BREVISSIMA: The distich poster for today is Quod Natura Rogat. Click here for a full-sized view.


And here are today's proverbial LOLcats:



Cum audace non eas in via.

Do not travel with a bold companion.

Amore, more, ore, re iunguntur amicitiae.

Friendships are connected
by love (amore), by habit (more),
by speech (ore) and by action (re).

TODAY'S FABLES:

MILLE FABULAE: The fable from the Mille Fabulae et Una widget is Lupus et Canis Saginatus, a story about the value of freedom.

FABULAE FACILES: The fable from the Fabulae Faciles widget is Pirata et Alexander Rex, the story of Alexander the Great and a witty pirate (this fable has a vocabulary list).
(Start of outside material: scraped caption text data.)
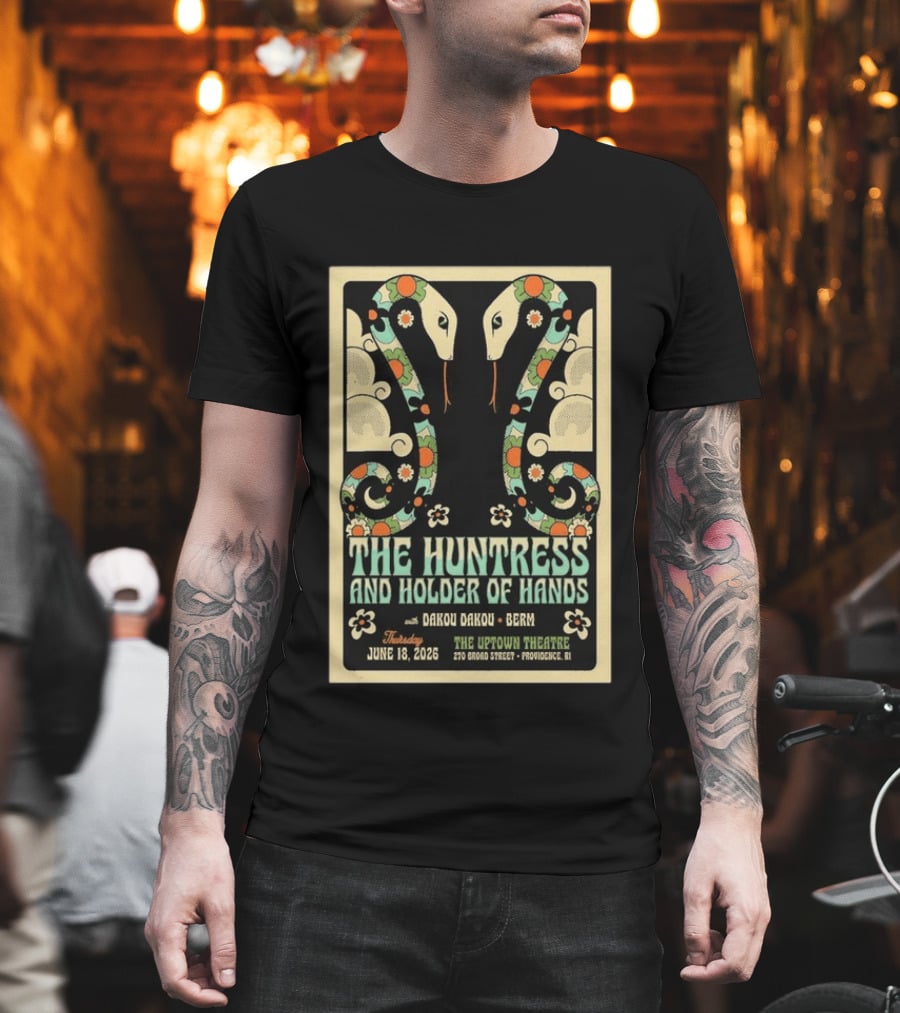 Thursday June 18 2026 The Huntress And Holder Of Hands Dakou Dakou Berm Uptown Theatre Providence RI T-Shirt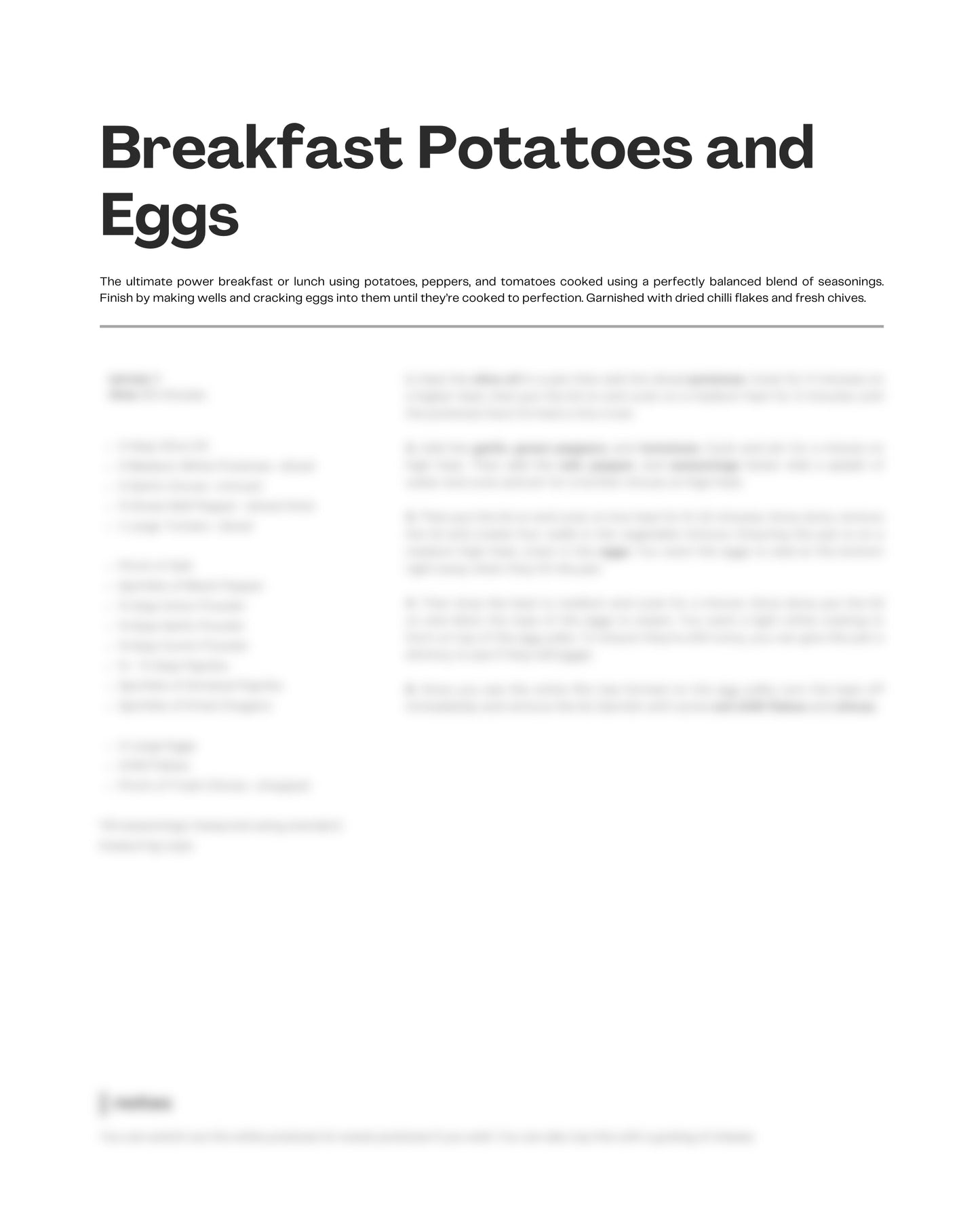 50. Breakfast Potatoes and Eggs e-Recipe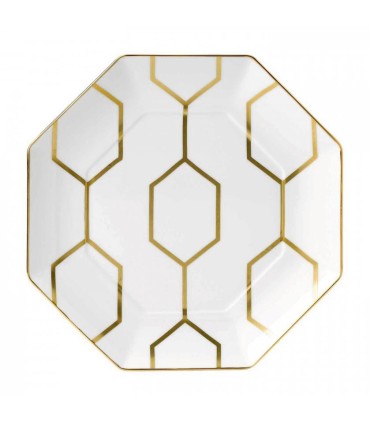 Arris octagonal dessert plate, white 23 cm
Latin Fables Read by Justin Slocum Bailey. Here is today's audio fable: Leo, Lepus, et Cerva, with links to the audio and to the blog post.


Tuesday, October 28, 2014

Latin Proverbs and Fables Round-Up: October 28

Here is a round-up of today's proverbs and fables - and for previous posts, check out the Bestiaria Latina Blog archives. By a funny coincidence, three different people wrote this weekend asking for English to go with the LOLCats. I'm not keen on doing the English, but since it is already there at the Proverb Lab (where the cats live), I'll be copying that under the cats. I hope people will still give the Latin a try before looking! :-)

HODIE (Roman Calendar): ante diem quintum Kalendas Novembres.

MYTHS and LEGENDS: The art image for today's legend shows Atalanta and the Boar; you can also see the legends for the current week listed together here.


TODAY'S MOTTOES and PROVERBS:

TINY PROVERBS: Today's tiny proverb is: Pelle timorem (English: Drive out fear).

3-WORD MOTTOES: Today's 3-word verb-less motto is Post nubila Phoebus (English: After the clouds, the sun).

ANIMAL PROVERBS: Today's animal proverb is Avis matura vermem capit (English: The bird who hastens catches the worm).

POLYDORUS: Today's proverb from Polydorus is: Nihil invita Minerva facies (English: You will not accomplish anything if Minerva is unwilling - that is, without the blessing of wisdom).

PROPER NAME PROVERBS: Today's proper name proverb from Erasmus is Ne Iupiter quidem omnibus placet (English: Not even Jupiter can please everybody; from Adagia 2.7.55).

GREEK PROVERBS: Today's proverb is Ἀυτοῦ Ῥόδος, αὐτοῦ καὶ τὸ πήδημα (English: Let this be Rhodes, and let this also be your leap - from Aesop's fable of the boasting athlete).

BREVISSIMA: The distich poster for today is Parum Habere Cum Honore. Click here for a full-sized view.


And here are today's proverbial LOLcats:



Ad astra doloribus itur.
By means of suffering, you reach the stars.

Multa docet fames.
Hunger teaches many things.

TODAY'S FABLES:

MILLE FABULAE: The fable from the Mille Fabulae et Una widget is Luna et Mater, the story of the ever-changing moon and her mother.

FABULAE FACILES: The fable from the Fabulae Faciles widget is Pavo et Iuno, the story of the unhappy peacock's petition to Hera (this fable has a vocabulary list).